Example 1: X, a nonresident individual, is a member of R, T, and U, each of which is a PE. X’s only income derived from or connected with Connecticut sources is from R, T, and U. X’s share of R’s income derived from or connected with Connecticut sources is $500. X’s share of T’s income derived from or connected with Connecticut sources is $300. X’s share of U’s income derived from or connected with Connecticut sources is $300. Neither R, T, nor U is required to make a Connecticut income tax payment on X’s behalf. X is required to file Form CT-1040NR/PY because the sum of X’s income derived from or connected with Connecticut sources from R, T, and U is $1,000 or more.
Example 2: The facts are the same as in Example 1 except X’s share of U’s income derived from or connected with Connecticut sources is $100. Neither R, T, nor U is required to make a Connecticut income tax payment on X’s behalf. X is not required to file Form CT-1040NR/PY because the sum of X’s income derived from or connected with Connecticut sources from R, T, and U is less than $1,000.
Example 3: The facts are the same as in Example 1 except X’s share of R’s income derived from or connected with Connecticut sources is $1,100, X’s share of T’s income derived from or connected with Connecticut sources is $2,300, and X’s share of U’s income derived from or connected with Connecticut sources is $1,800. R, T, and U are each required to make a Connecticut income tax payment on behalf of X. X is not required to file Form CT-1040NR/PY.

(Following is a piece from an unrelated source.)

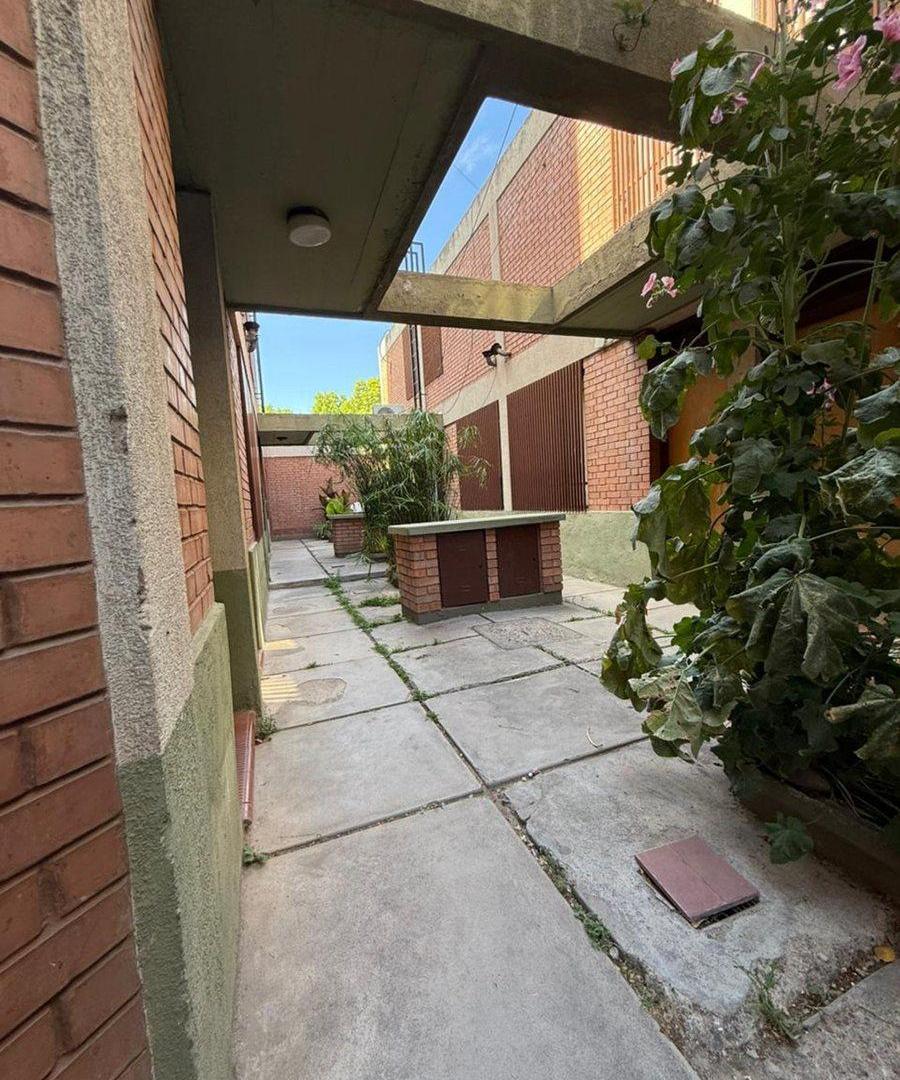 Foto de VENTA COMPLEJO DE DUPLEX EN CIUDAD - INVERSION, imagen 5
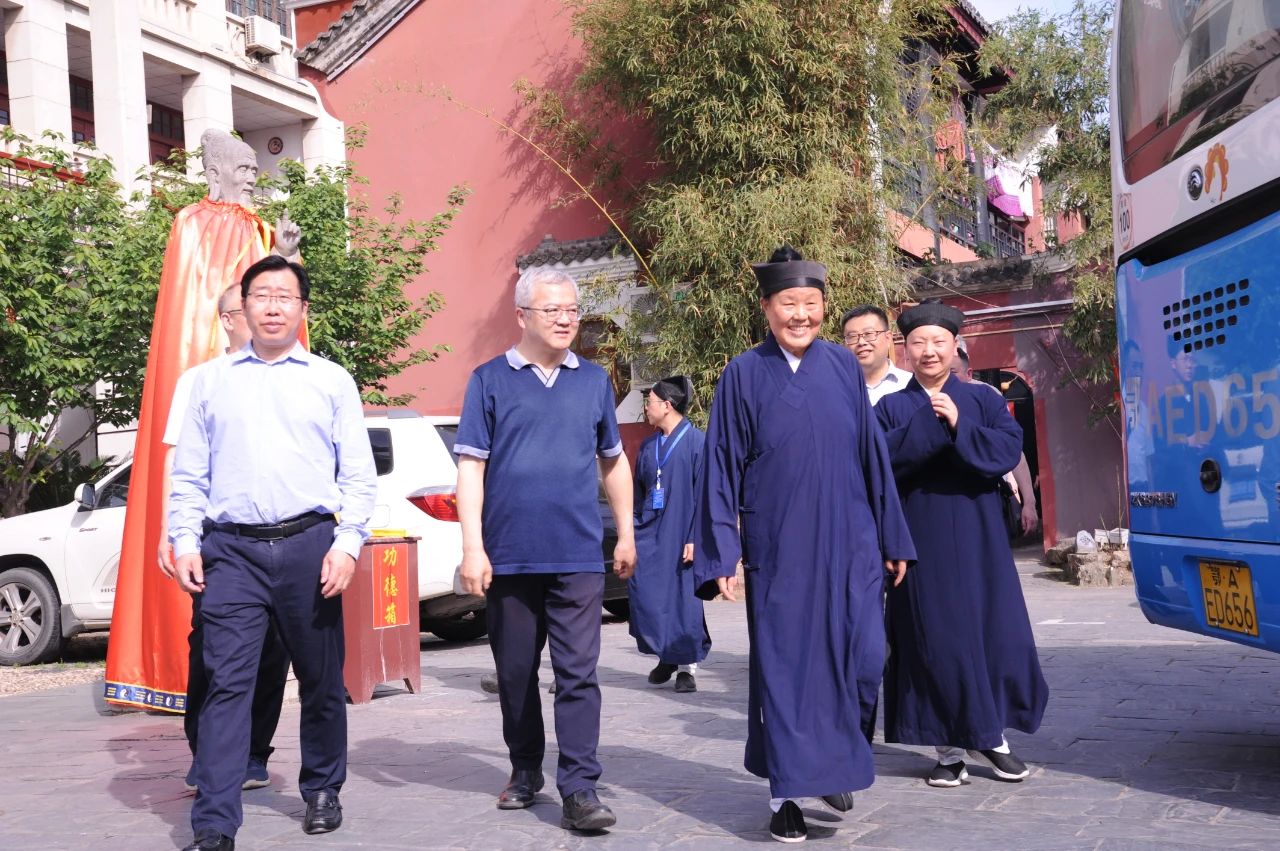 中央社会主义学院基层宗教人士培训班到武汉长春观开展现场教学实践活动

5. A PE makes a Connecticut income tax payment on behalf of a member who is a nonresident trust or nonresident estate. Is the member required to file Form CT-1041?

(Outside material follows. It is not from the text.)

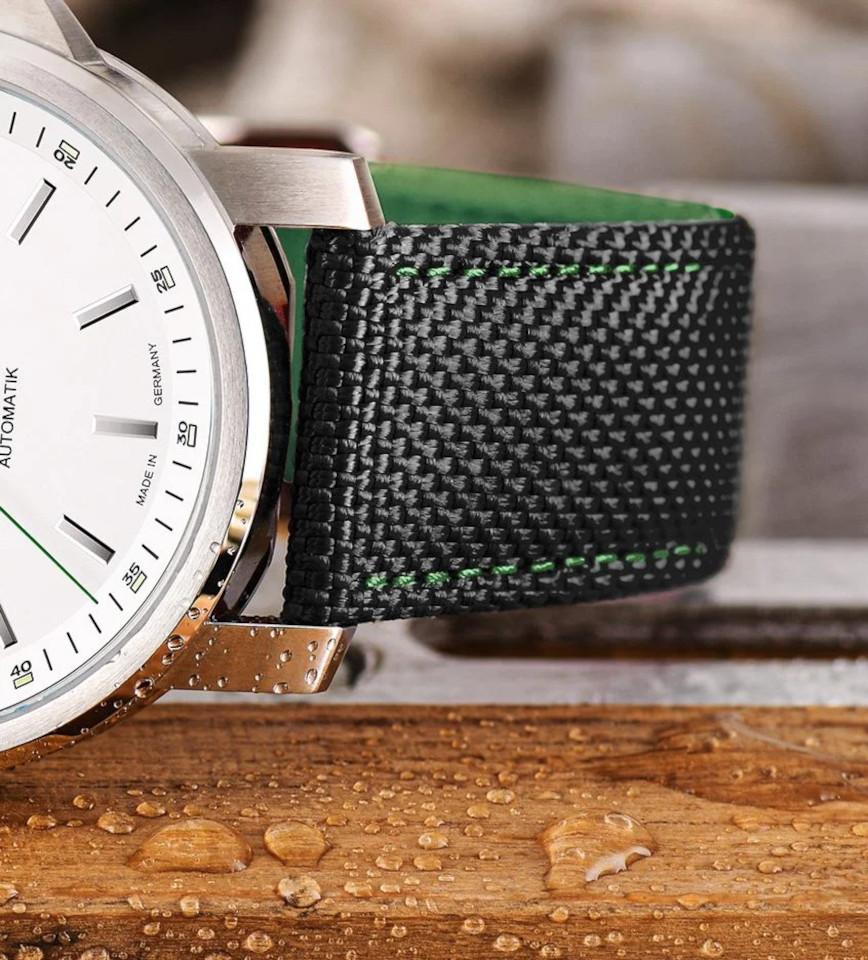 Mühle Glashütte 29er Big Edition Sachsen Automatik Edelstahl 42,4mm weißes Zifferblatt schwarzes Canvasband – Herrenuhren Uhr mit Datum aus Edelstahl und Leder. Das Gehäuse ist rund und silber. Das Textilarmband ist schwarz. Das Zifferblatt ist ein Index in weiß. – Ansicht 4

The member may be required to file Form CT-1041 and to make estimated Connecticut income tax payments. See Who Must File Form CT-1041 and Estimated Tax Payments in the Form CT-1041 booklet.
6. How is the composite Connecticut income tax payment calculated?
The composite Connecticut income tax payment is the sum of the Connecticut income tax payments required to be made for members who or which are nonresident noncorporate members of PEs. The Connecticut income tax payment required for each member is calculated by multiplying the member’s share of the PE’s separately and nonseparately computed income, as modified, if required, under Conn. Gen. Stat. §12-701, derived from or connected with Connecticut sources by 5%. If the member’s share of the PE’s separately and nonseparately computed income derived from or connected with Connecticut sources is less than $1,000, a payment is not required for that member. The PE must calculate the Connecticut income tax payment required based only on the member’s share of the PE’s income derived from or connected with Connecticut sources and not on the member’s share of the PE’s income or losses derived from or connected with non-Connecticut sources. The PE may not take into account a member’s income or losses from sources other than the PE.
7. Is a PE required to make estimated composite Connecticut income tax payments for one or more members?
Effective for taxable years beginning on or after January 1, 2006, a PE is no longer required to make estimated composite Connecticut income tax payments. There will be no estimated composite Connecticut income tax payment coupons prescribed and made available by DRS.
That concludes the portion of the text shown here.